Segment Start: Material provided

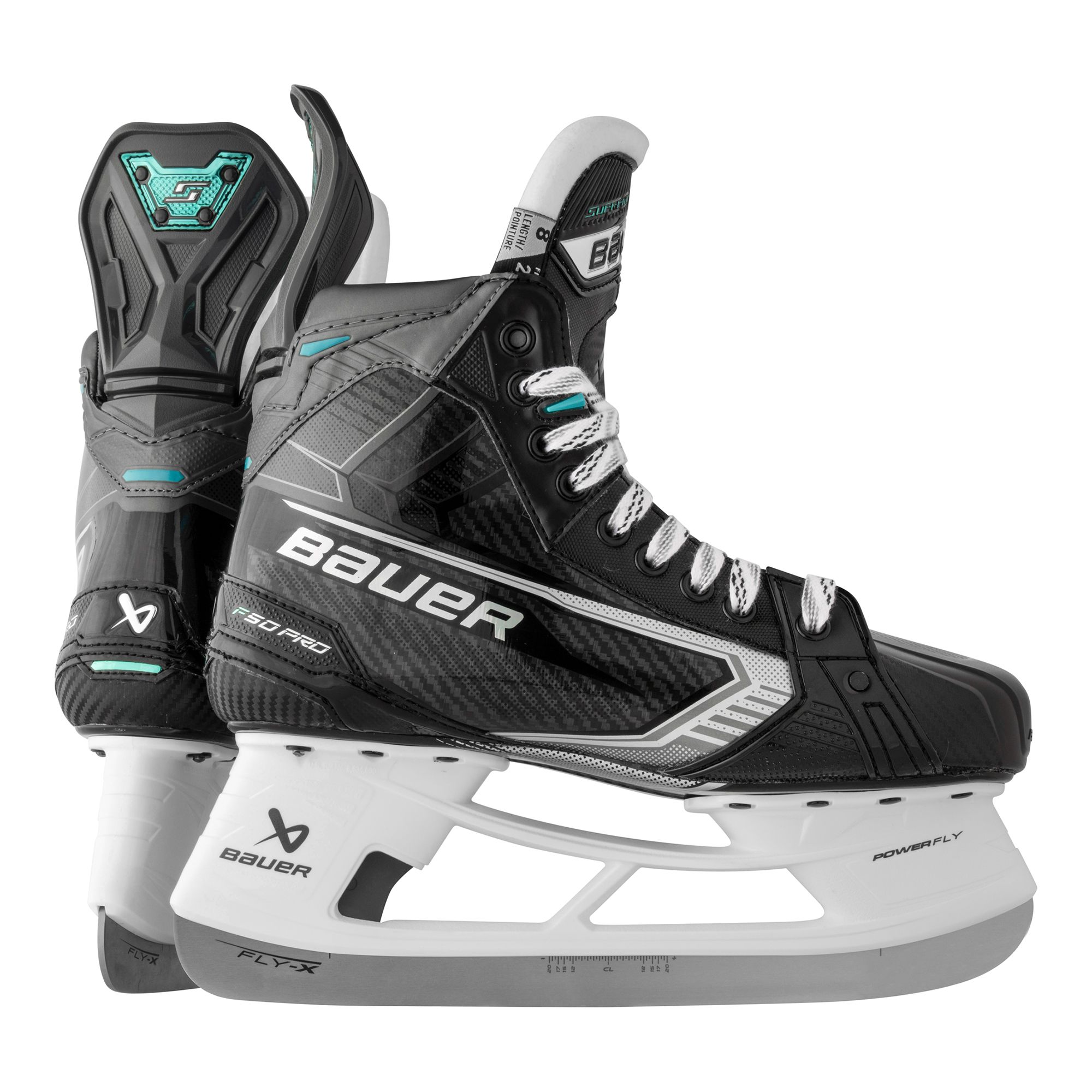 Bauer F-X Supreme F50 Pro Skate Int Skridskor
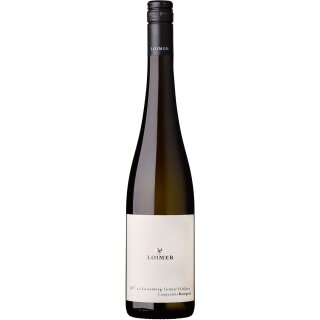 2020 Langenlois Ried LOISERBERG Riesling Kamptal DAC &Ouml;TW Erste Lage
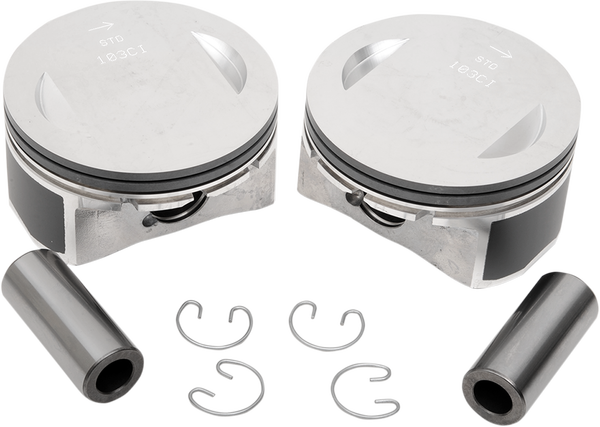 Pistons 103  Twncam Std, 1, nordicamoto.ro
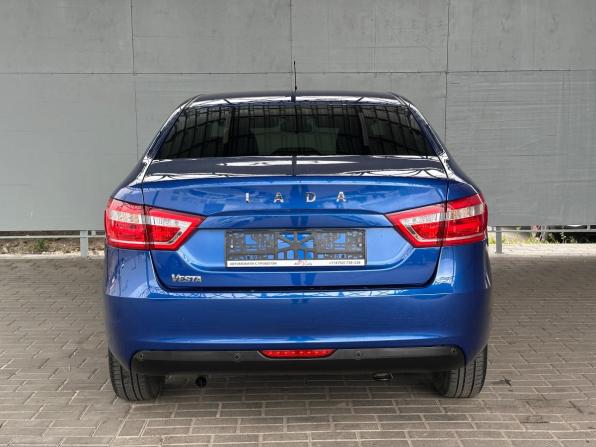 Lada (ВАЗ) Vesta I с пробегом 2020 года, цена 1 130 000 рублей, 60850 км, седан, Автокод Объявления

Segment End: Material provided
Segment Start: Material provided

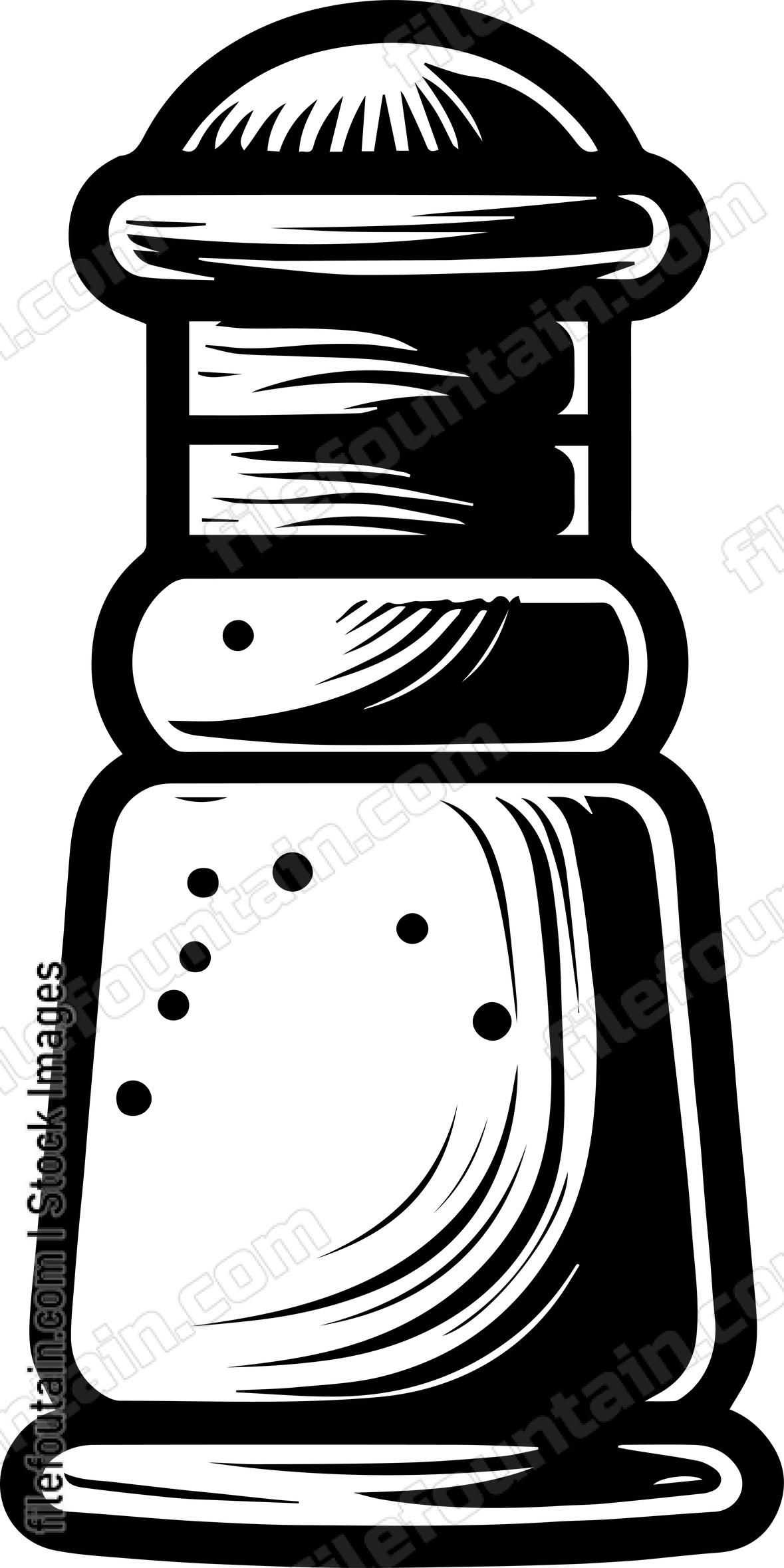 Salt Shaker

Segment End: Material provided

» Work request
Starting with the line above that holds "2020 Langenlois Ried", restate each line word for word up to and including the line that holds "Lada (ВАЗ) Vesta". Drop the pictures.

» Reply
 2020 Langenlois Ried LOISERBERG Riesling Kamptal DAC &Ouml;TW Erste Lage
 Pistons 103  Twncam Std, 1, nordicamoto.ro
 Lada (ВАЗ) Vesta I с пробегом 2020 года, цена 1 130 000 рублей, 60850 км, седан, Автокод Объявления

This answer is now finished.